Work request
Pictures stay out of the output. Return exactly the lines below from the one with "Imóvel Rural - Grande imagem: 2/36" down to the one with "E trará o novilho", both included, and nothing more.

Data to process

· · · ·

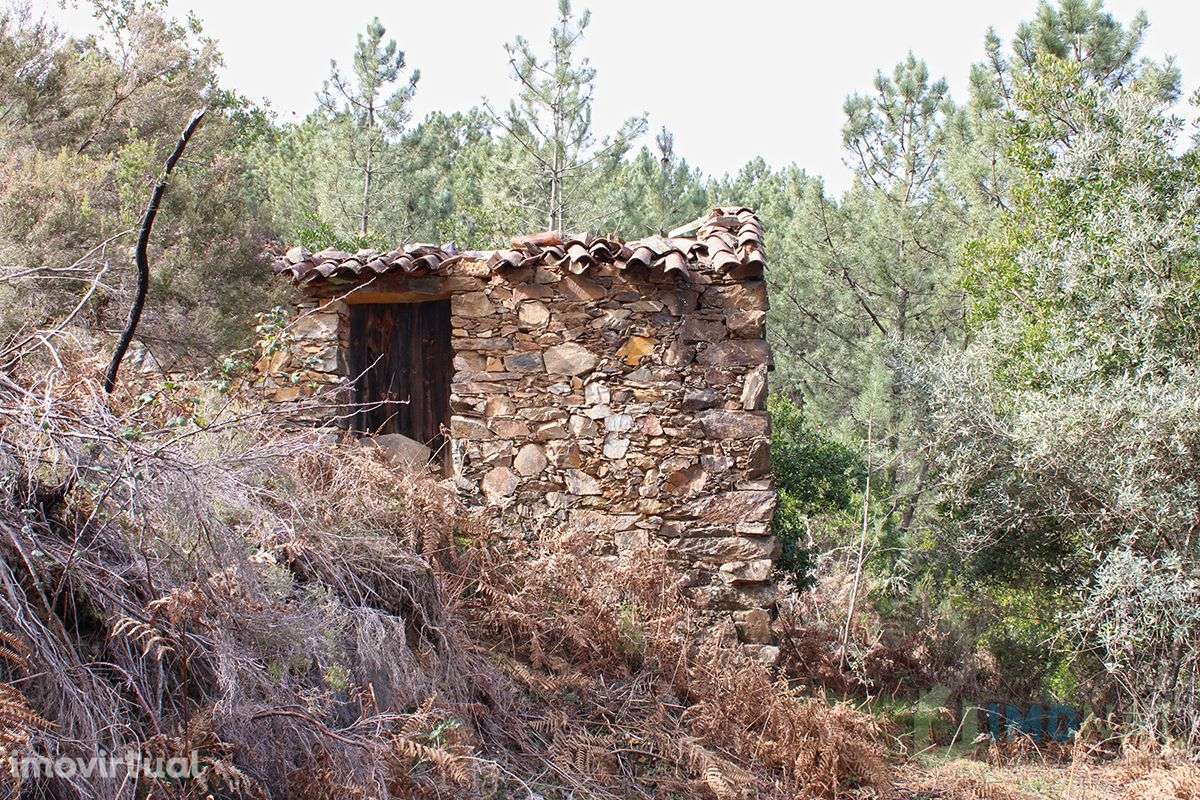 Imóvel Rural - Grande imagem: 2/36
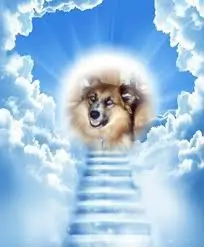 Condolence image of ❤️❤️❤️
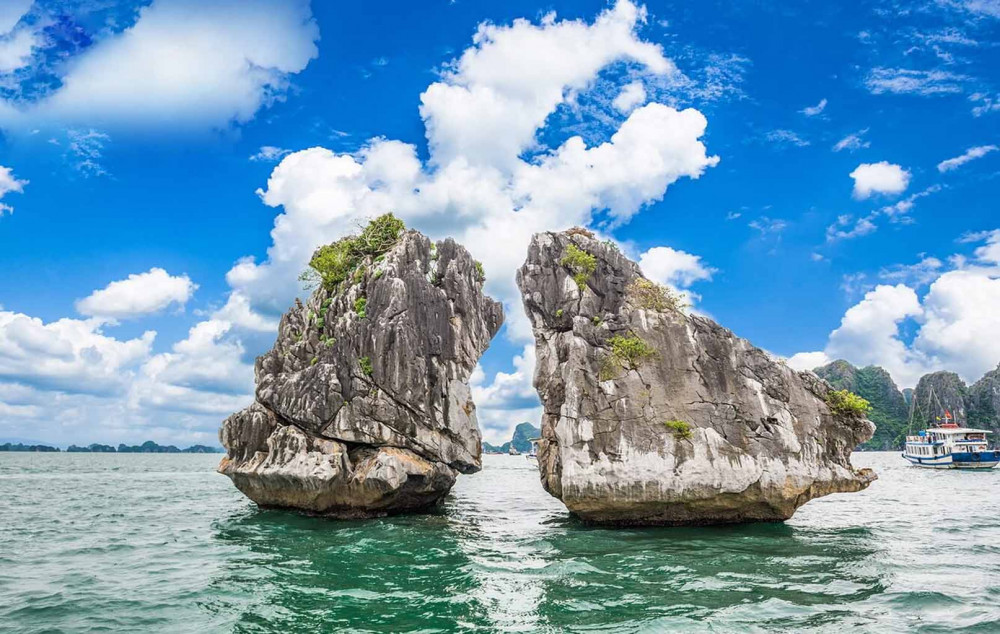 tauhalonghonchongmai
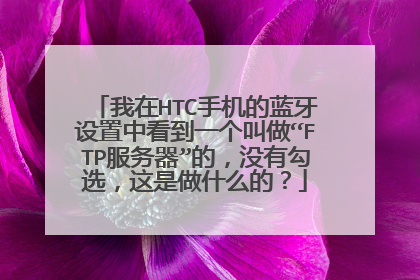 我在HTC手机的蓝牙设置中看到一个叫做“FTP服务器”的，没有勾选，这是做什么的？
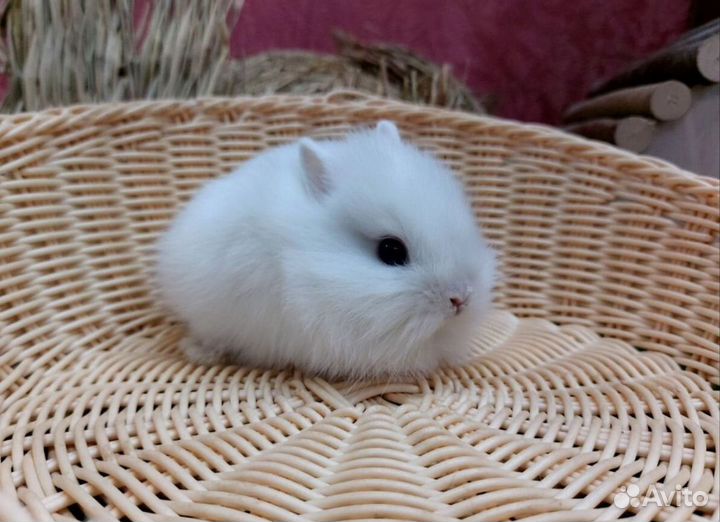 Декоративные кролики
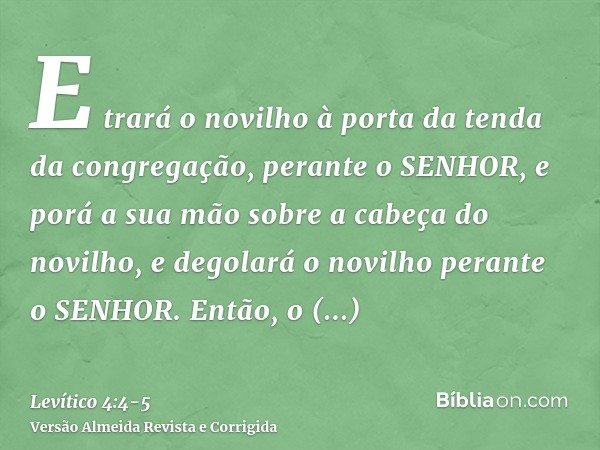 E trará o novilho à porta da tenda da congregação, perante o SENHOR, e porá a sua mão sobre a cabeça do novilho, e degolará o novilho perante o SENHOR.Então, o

· · · ·

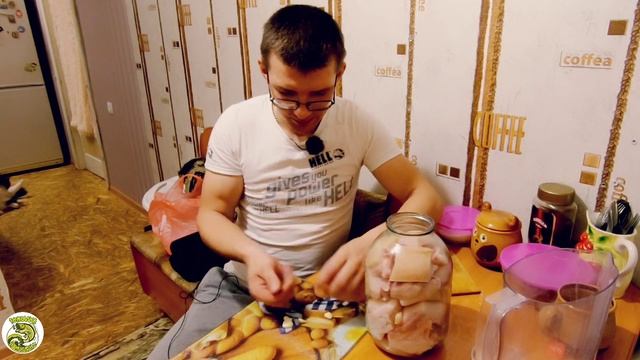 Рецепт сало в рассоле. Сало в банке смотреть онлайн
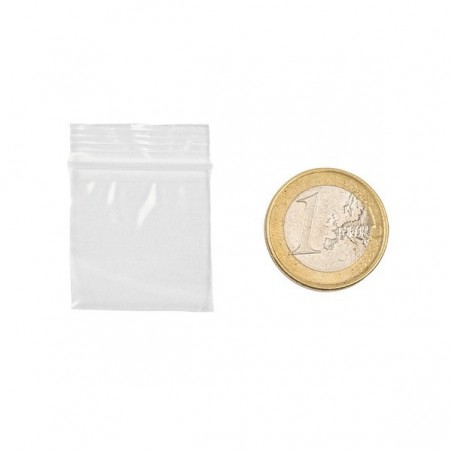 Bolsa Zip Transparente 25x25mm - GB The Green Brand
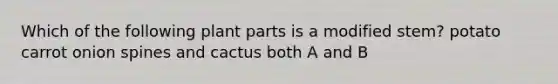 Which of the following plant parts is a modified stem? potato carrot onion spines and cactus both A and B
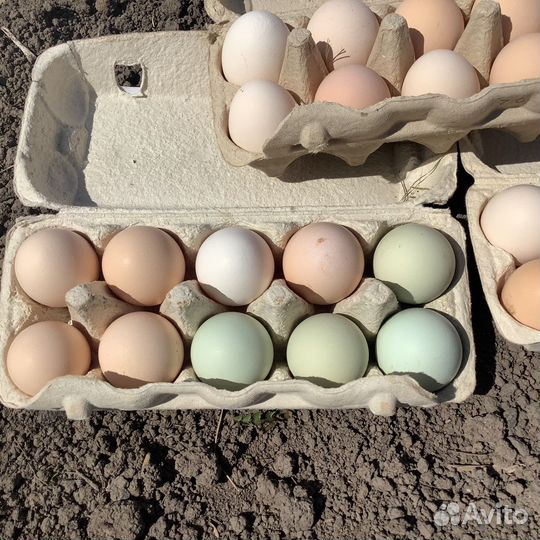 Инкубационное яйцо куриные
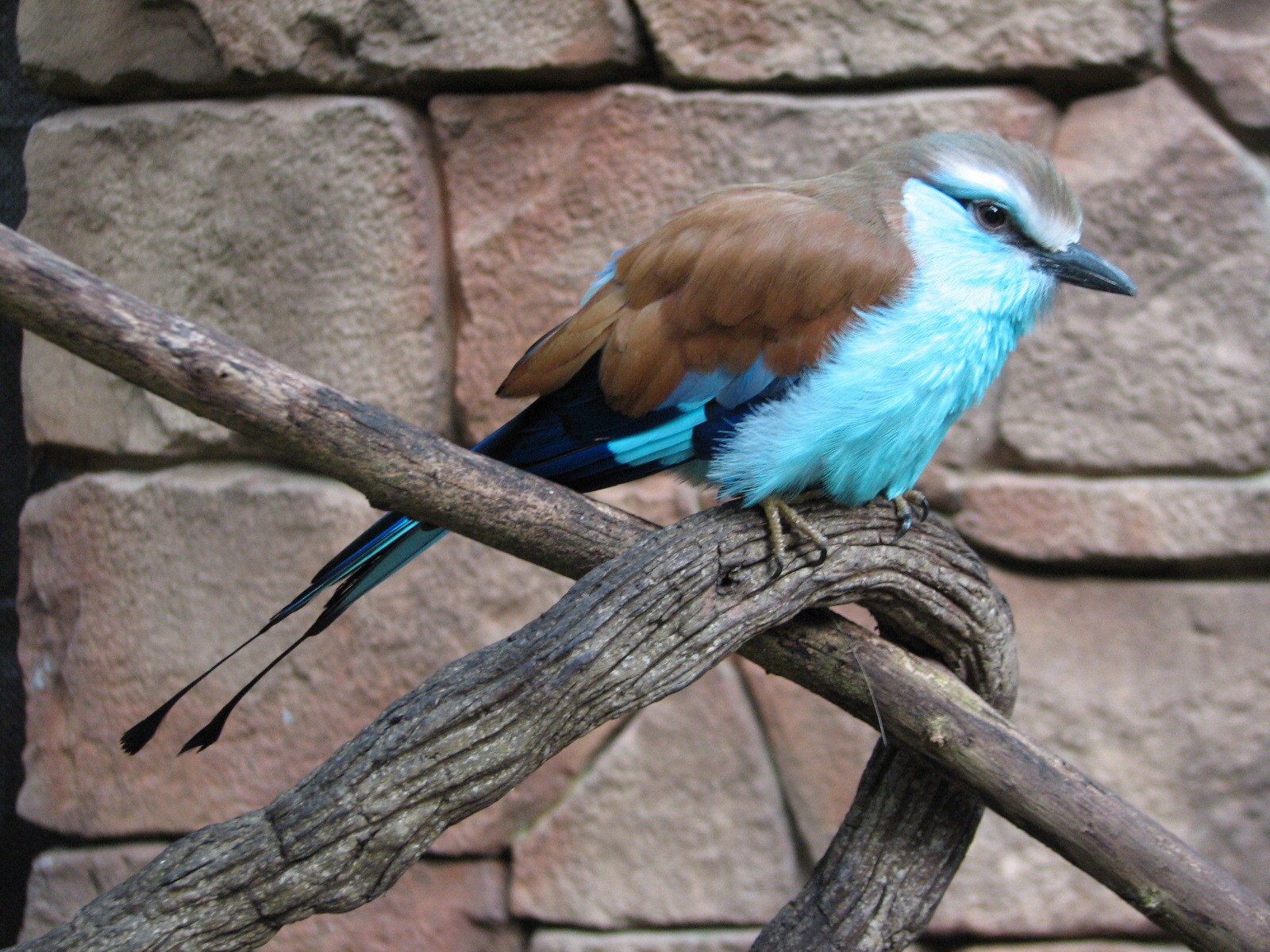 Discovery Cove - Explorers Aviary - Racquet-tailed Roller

· · · ·

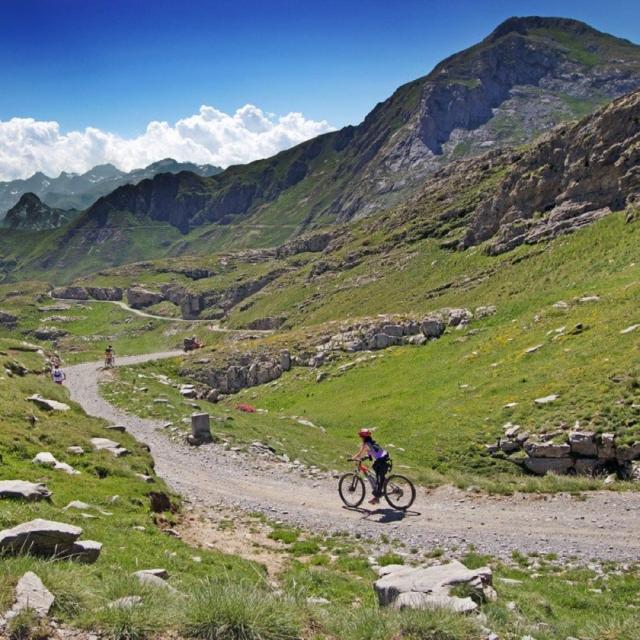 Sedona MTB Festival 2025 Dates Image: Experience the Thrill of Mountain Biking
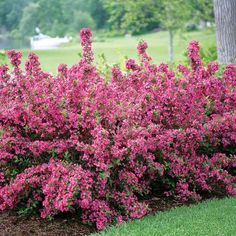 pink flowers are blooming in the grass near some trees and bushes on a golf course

· · · ·

Exercise response
 Imóvel Rural - Grande imagem: 2/36
 Condolence image of ❤️❤️❤️
 tauhalonghonchongmai
 我在HTC手机的蓝牙设置中看到一个叫做“FTP服务器”的，没有勾选，这是做什么的？
 Декоративные кролики
 E trará o novilho à porta da tenda da congregação, perante o SENHOR, e porá a sua mão sobre a cabeça do novilho, e degolará o novilho perante o SENHOR.Então, o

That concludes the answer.